Re: Gallary: Graphics Cards
slayer322 said:
sorry to say buddy, but ps3 is gonna little xbox 360
(p.s. ... u can have dual HDTV with ps3 and free for online play as usual)
Haha, the RSX's mere lead by 50mhz in speed doesn't do shit for it. THe RSX is like a normal PC GPU, and is inefficient. The 360's Xenos chip, however is more flexible for developers to utilize the Unified Shader Architecture (which allows them to allocate how many pipelines or vertex shaders is needed at that moment). The Xenos chip has 48 ALU pipelines, which can be used as pixel or vertex shaders. It's the Unified Shader Architecture's job to assign which pipeline to be a pixel or vertex shader when it needs to, resulting in maximum efficiency without loss of performance. The Xenos chip and the CPU both share the consoles' 512mb of GDDR3 RAM @ 700mhz with a memory bandwidth of 22.4GB/sec for the GPU and 21.6GB/sec for the CPU, which is somewhat slow compared to modern PC's, which have about 37GB/sec of memory bandwidth. In order to make up for that lack of speed, ATI added 10mb of embedded DRAM in the GPU (which connects with the system at an insane speed of 256GB/sec) to act as a buffer for graphically intense situations that need lots of RAM and fast. The RSX however, uses "Multi-way programmable parallel floating point shader pipelines", which means that developers have to tell the GPU where to allocate it's resources, instead of having the system allocate it where it's best used.

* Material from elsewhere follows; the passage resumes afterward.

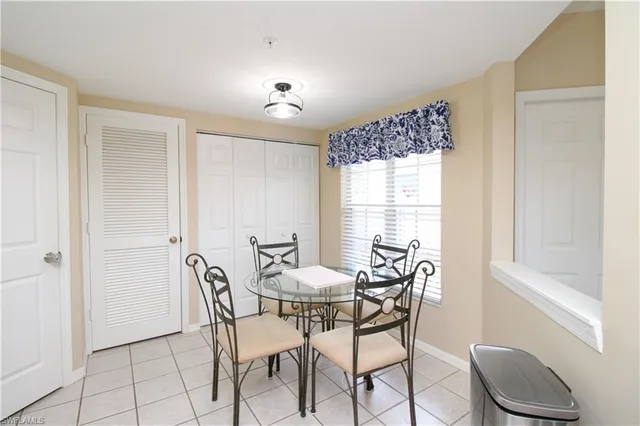 $3,510 | 5025 Cedar Springs Drive, Unit 102, Naples, FL 34110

The Cell Processor is a incredible piece of technology, but it's way overhyped. It's architecture limits it's capabilities when used in games.
The Cell
1x PowerPC-based Core @ 3.2GHz
1x VMX vector unit per core (since the Cell ony has one general computing CPU core, there is only one VMX vector unit)
512KB L2 cache
7 x SPE @ 3.2GHz (these SPE cores are NOT for general-computing, they specialize in floating point work)

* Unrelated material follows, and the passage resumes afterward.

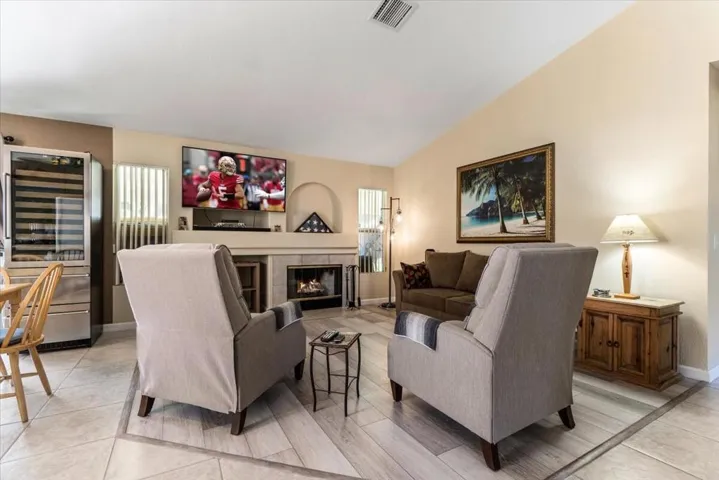 10-80595 Willow Ln-9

7 x 256KB SRAM for SPE (basically the "Cache" for the SPE cores)
The 360's CPU
3x PowerPC Cores @ 3.2ghz each
1x VMX-128 vector unit per core (because the 360's CPU has 3x general-computing cores, it means that the CPU has 3x VMX-128 vector units)
1 MB L2 cache
Two hardware threads per core; six hardware threads total (The 360's CPU uses SMT or Simultaneous Multi-Threading, which is similar to Intel's HyperThreading)
Game code usually uses 80% general-computing and 20% floating-point. Since the Cell has 7 SPE cores which specialize in floating-point work, it excels at that area. However, because the 360's CPU has 3x general-computing cores and 3x vector units (compared to the Cell's 1x general-computing core and 1x vector unit) it gives the 360 the advantage when it comes to games. The Cell is a really nice chip, but the design of it's architecture is unsuitable for gaming, and because of that, it hampers the Cell's performance.
Ok, the PS3 has Dual-Outputs. So? How many people are going to buy, much less afford 2 High-Definition TVs (which are still expensive)? 1 or 2% of the market? Psh. What a waste of resources, money and time.
Just to let you know, Xbox Live Silver is free with Xbox 360 (all you need is a Broadband connection). To be honest, I'd rather pay for Xbox Live than get Sony's P.O.S excuse of an Online Gaming service for free. What Sony does is impress everyone with the PS3's specs on paper (not how it works and the architecture) in order to cover up the fact that they haven't come up with anything to compete with Xbox Live. Speed or the number of cores doesn't matter...it's how you design the chip's architecture to suit your needs. The Cell Processor is very nice (and powerful), but it's ill suited for gaming.